The hydrogen storage alloy ingot (M ₁ ) was
In a rotary ball mill (made of alumina, inner volume: 1 liter) containing 2 kg of inch-sized alumina balls, the average particle size is 500 μm with the inside being an inert gas atmosphere.
The dry pulverization was carried out to the following. The end of this ground to the hydrogen storage alloy powder M _2. Then, an appropriate amount sodium borohydride 1% of M ₂ powder, an aqueous solution containing 30% potassium hydroxide (hereinafter, referred to such aqueous treatment solution) were placed and the same ball mill, the alloy Average particle size is 1
Ball mill wet pulverization was performed at room temperature until the particle size became 50 μm or less.

After the ball mill wet pulverization, the pulverized powder removed from the ball mill was washed with ion-exchanged water and dried at 40 ° C. under vacuum to obtain a pulverized reduction-treated hydrogen storage alloy powder. This alloy powder is hereinafter referred to as a pulverized reduction alloy (a ₁ ). The operation conditions of the ball mill were as follows: pot rotation speed: 110 rpm, operation duration: about 4 hours.
The particle size of the alloy powder was determined by a JIS sieve. However, the operating conditions are not strictly defined, and may be set appropriately so that the average particle size of the alloy is 150 μm or less. (Preparation of Hydrogen Storage Alloy Electrode)
_{In 1} ), a polytetrafluoroethylene powder as a binder was added in an amount of 5% by weight based on the weight of the active material and kneaded to prepare a paste. This paste was applied to both sides of a current collector made of a punching metal, and then pressed to produce a hydrogen storage alloy electrode (A ₁ ) according to the present invention. [Example 2] (Pulverization reduction treatment of hydrogen storage alloy) The hydrogen storage alloy ingot (M ₁ ) used in Example 1 was annealed in an inert gas at 1000 ° C for 8 hours, and hydrogen storage after annealing was performed. An alloy ingot (M ₃ ) was produced. The non-uniform strain of the annealed hydrogen storage alloy ingot (M ₃ ) was 2.5 × 10 ⁻³ .

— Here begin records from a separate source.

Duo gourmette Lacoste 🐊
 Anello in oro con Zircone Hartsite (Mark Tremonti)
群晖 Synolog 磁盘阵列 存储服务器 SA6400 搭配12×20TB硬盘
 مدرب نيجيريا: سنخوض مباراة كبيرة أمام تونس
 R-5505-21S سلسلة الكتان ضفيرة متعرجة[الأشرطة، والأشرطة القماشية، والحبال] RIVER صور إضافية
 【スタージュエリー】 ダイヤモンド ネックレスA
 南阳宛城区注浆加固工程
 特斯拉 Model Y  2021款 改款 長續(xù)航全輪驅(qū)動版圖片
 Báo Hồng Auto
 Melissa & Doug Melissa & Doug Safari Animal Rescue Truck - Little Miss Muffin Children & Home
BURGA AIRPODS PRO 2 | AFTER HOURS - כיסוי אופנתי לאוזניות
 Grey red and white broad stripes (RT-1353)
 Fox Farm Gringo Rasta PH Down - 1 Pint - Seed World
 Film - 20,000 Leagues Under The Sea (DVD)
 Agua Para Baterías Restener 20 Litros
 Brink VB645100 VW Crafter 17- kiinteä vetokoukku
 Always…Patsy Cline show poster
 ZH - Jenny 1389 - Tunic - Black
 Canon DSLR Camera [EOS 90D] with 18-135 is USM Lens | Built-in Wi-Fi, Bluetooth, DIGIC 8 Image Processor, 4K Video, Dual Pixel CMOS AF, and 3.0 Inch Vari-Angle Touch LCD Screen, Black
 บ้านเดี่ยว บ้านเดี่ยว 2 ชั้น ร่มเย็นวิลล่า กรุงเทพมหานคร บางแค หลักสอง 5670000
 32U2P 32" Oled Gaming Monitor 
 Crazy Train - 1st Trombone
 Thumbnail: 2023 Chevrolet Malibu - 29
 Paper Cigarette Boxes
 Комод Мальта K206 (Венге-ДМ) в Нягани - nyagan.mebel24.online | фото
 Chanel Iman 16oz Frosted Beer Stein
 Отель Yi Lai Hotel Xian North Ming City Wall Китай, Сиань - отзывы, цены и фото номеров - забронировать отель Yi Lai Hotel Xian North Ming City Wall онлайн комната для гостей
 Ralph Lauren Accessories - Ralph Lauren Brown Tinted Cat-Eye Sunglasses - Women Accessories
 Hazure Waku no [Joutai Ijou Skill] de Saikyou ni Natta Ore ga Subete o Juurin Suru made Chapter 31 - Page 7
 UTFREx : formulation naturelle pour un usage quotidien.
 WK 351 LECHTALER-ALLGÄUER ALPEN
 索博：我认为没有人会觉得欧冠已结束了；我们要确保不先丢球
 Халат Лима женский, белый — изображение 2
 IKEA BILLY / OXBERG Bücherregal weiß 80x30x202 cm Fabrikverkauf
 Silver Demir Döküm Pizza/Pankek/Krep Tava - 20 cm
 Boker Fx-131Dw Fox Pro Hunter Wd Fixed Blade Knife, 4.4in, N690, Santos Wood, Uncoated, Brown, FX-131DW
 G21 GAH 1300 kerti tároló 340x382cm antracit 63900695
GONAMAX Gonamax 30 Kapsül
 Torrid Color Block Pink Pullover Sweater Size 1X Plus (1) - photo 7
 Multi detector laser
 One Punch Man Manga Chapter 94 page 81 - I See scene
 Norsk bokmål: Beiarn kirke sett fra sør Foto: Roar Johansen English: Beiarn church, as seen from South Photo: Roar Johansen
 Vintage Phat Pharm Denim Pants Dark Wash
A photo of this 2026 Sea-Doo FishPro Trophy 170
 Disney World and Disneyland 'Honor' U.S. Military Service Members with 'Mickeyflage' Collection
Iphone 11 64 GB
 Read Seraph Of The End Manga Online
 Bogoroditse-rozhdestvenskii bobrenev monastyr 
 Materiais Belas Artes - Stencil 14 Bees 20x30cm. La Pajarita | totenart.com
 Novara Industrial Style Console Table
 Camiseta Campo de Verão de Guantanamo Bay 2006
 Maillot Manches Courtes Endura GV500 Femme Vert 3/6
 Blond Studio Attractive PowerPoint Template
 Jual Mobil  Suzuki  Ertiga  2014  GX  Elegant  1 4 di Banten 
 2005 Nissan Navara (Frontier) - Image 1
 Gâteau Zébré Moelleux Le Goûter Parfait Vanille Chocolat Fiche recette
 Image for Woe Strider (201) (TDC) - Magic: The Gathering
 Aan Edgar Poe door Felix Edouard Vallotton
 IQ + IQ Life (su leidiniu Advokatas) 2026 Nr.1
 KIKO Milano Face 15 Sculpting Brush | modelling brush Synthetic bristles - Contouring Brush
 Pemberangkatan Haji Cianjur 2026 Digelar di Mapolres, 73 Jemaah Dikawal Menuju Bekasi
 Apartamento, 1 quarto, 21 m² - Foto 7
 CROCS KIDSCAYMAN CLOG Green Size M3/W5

This annealed hydrogen storage alloy ingot (M
Regarding ₃ ), the treatment operation was performed in exactly the same manner as in Example 1 to produce a pulverized and reduced hydrogen storage alloy powder (a ₂ ). This alloy powder is hereinafter referred to as a pulverized reduction alloy (a ₂ ). (Preparation of Hydrogen Storage Alloy Electrode)
Except that ₂ ) was used, exactly the same as in Example 1 above,
A hydrogen storage alloy electrode (A ₂ ) according to the present invention was produced. Comparative Example 1 Example 1 was repeated except that an alloy powder was prepared using a 30% aqueous potassium hydroxide solution as a processing solution.
To produce a comparison electrode B ₁ in the same manner as. Except that Comparative Example 2 treated solution using 1% aqueous sodium borohydride solution as to produce an alloy powder to produce a comparison electrode B ₂ in the same manner as in Example 1. Comparative Example 3 Example 2 was repeated except that an alloy powder was prepared using a 30% aqueous potassium hydroxide solution as a processing solution.
(Using hydrogen-absorbing alloy ingot M ₃ was annealed) and to produce a comparison electrode B ₃ in the same manner. Except that Comparative Example 4 treated solution using 1% aqueous sodium borohydride solution as to produce an alloy powder to produce a comparison electrode B ₄ in the same manner as in Example 2. [Comparative Example 5] A hydrogen storage alloy ingot M ₁ was treated with a treatment solution of potassium hydride 30% and sodium borohydride 1% (25%).
C.) for 2 hours, washed with ion-exchanged water, and dried at 40 ° C. under vacuum to obtain an immersion-treated alloy. Then, the comparative electrode B was prepared in the same manner as in Example 1 using the immersion-treated alloy.
₅ was produced. Comparative Example 6 except for using sodium borohydride 1% treatment solution in the same manner as in Comparative Example 5 was produced compared electrode B _6. Comparative Example 7 except for using a hydrogen-absorbing alloy ingot M ₃ are, in the same manner as in Comparative Example 5 was produced compared electrode B _7. Comparative Example 8 using the hydrogen-absorbing alloy ingot M _3, except for using sodium borohydride 1% aqueous solution as an immersion processing solution, in the same manner as in Comparative Example 5 was produced compared electrode B _8. Used as the Comparative Example 9] hydrogen-absorbing alloy ingot M _1, to prepare a comparative electrode B ₉ in the same manner as in Example 1. As used Comparative Example 10] hydrogen-absorbing alloy ingot M _3,
To produce a comparison electrode B ₁₀ in the same manner as in Example 1.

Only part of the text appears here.